◆ Data shown:

........

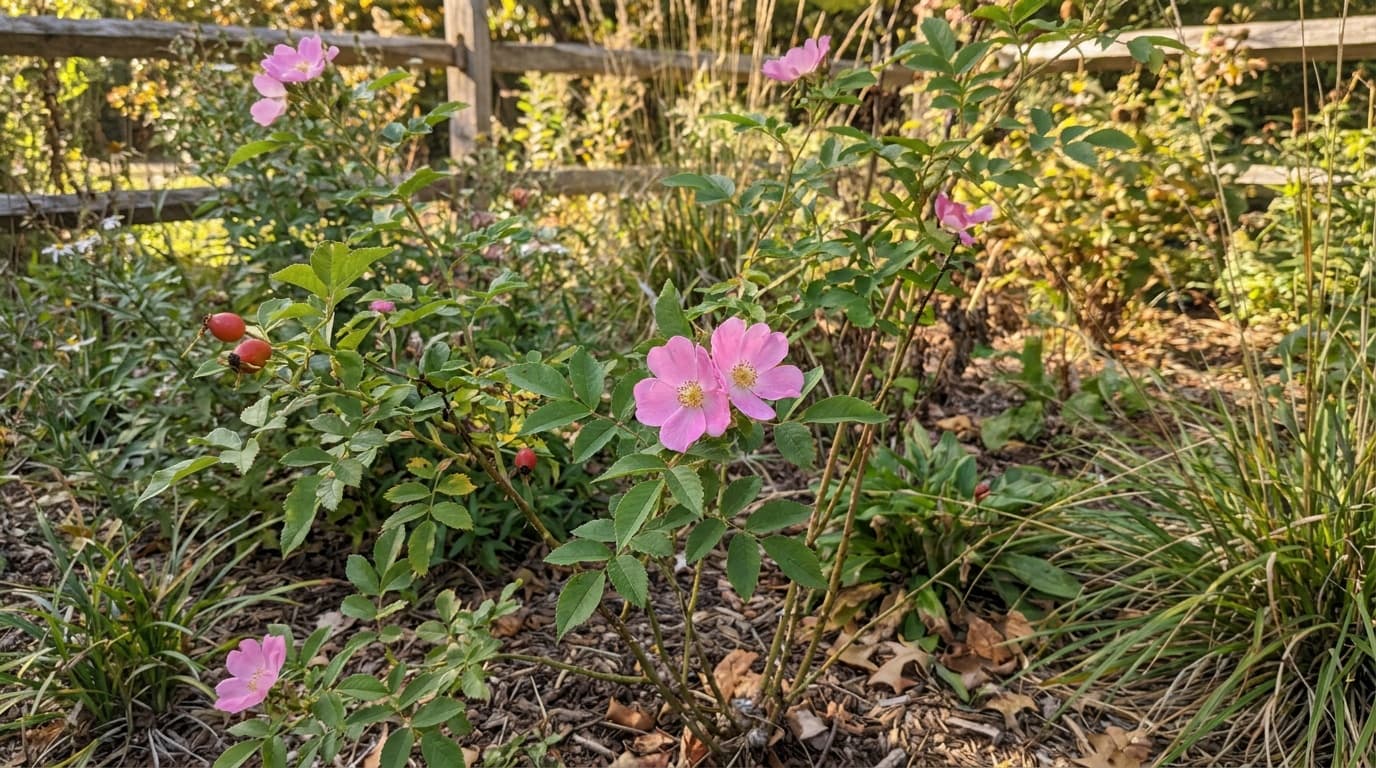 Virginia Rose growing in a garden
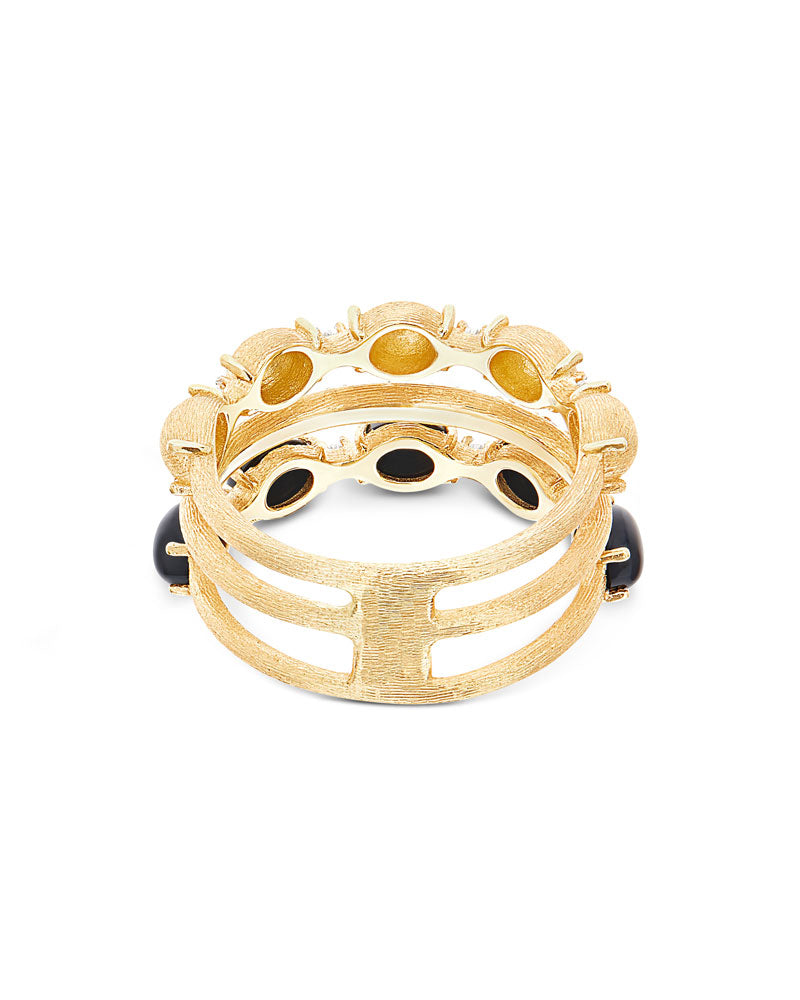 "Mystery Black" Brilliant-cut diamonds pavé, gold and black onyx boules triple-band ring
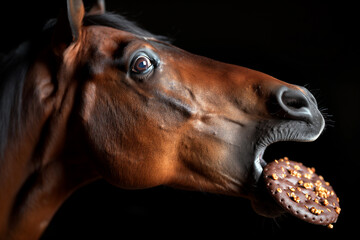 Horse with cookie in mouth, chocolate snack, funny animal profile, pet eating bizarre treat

........

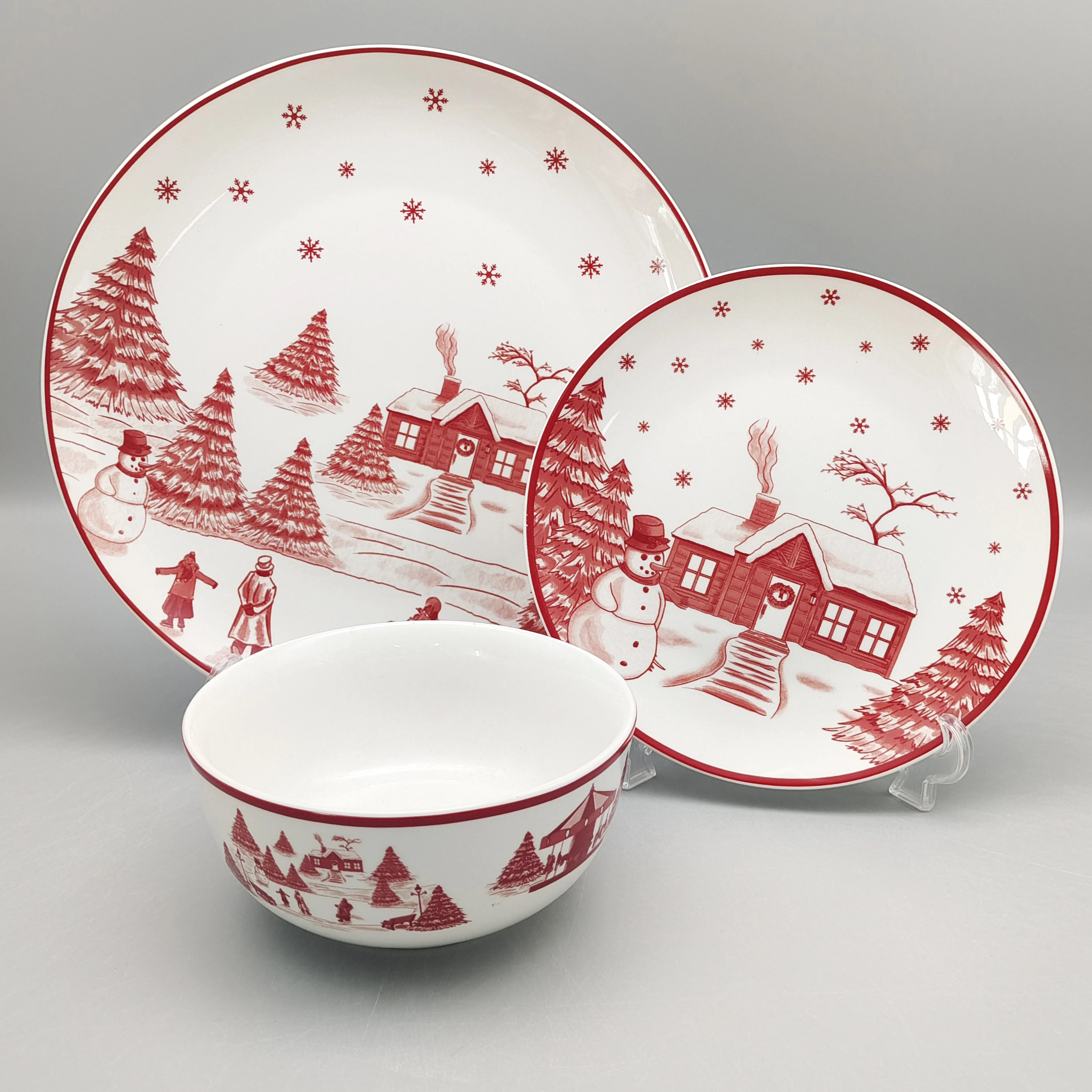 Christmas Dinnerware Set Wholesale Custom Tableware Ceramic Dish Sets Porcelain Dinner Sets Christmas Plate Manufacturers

........

◆ Task to complete: Reproduce the lines above starting at the one with "Virginia Rose growing in a garden" and ending at the one with "Horse with cookie", both included, exactly and with no pictures.

◆ Solution to this task:
 Virginia Rose growing in a garden
 "Mystery Black" Brilliant-cut diamonds pavé, gold and black onyx boules triple-band ring
 Horse with cookie in mouth, chocolate snack, funny animal profile, pet eating bizarre treat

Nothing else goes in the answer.